Matt Favier

Personal information
- Born: 16 October 1965 (age 60)

Sport
- Sport: Track and field

= Matt Favier =

Australian sport administrator

Matthew "Matt" Favier (born 16 October 1965) is an Australian sport administrator. He was appointed the eighth Director of the Australian Institute of Sport in December 2011.

==Education==
Favier was educated at Tully State High School in Queensland, has a Bachelor of Education in Physical Education from the University of Canberra and an MBA from the University of Technology, Sydney.

==Athletics career==

He held an Australian Institute of Sport track and field scholarship from 1983 to 1986. Favier, an 800m runner, was coached by Pat Clohessy. He won the Junior Men's 800m title at the 1983/84 Australian Athletics Championships. He was third in Senior Men's 800m at the 1987/88 and 1989/90 Australian Championships. He competed in the Men's 800m at the 1985 Summer Universiade in Kobe, Japan.

==Sport Administrator==
From 1988 to 1993, Favier was a physical education teacher in the Australian Capital Territory school system.

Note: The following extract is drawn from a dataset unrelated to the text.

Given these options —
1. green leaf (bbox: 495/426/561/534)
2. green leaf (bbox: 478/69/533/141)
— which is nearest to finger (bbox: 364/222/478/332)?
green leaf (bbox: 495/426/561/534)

In 1994, Favier moved into high performance sport administration and has since worked for a range of Australian and British sports organizations: Athletics Australia (1994–1996), Western Sydney Academy of Sport (1997–1998), Soccer Australia (1998–1999), Australian Paralympic Committee (1999–2000), Queensland Academy of Sport (2000–2003), UK Athletics (2003–2009), UK Sport (2009–2012) and Australian Institute of Sport (2012 -).

He has been an athletics coach, and while in the United Kingdom coached British sprinter Harry Aikines-Aryeetey, a former youth world champion.

His appointment as Director of the Australian Institute of Sport worried some British sports officials, as it could have impacted Great Britain's medal tally at the 2012 London Olympics. He is the second AIS scholarship holder to be appointed Director, the first being Robert De Castella (1990–1995).

In June 2017, Favier resigned as AIS Director after being appointed chief executive officer at Hockey Australia.

He was the inaugural inductee to the University of Canberra Sport Walk of Fame in 2022.

==Personal life==
He was married to Jane Flemming, a former AIS scholarship holder and dual Commonwealth Games athletics gold medallist.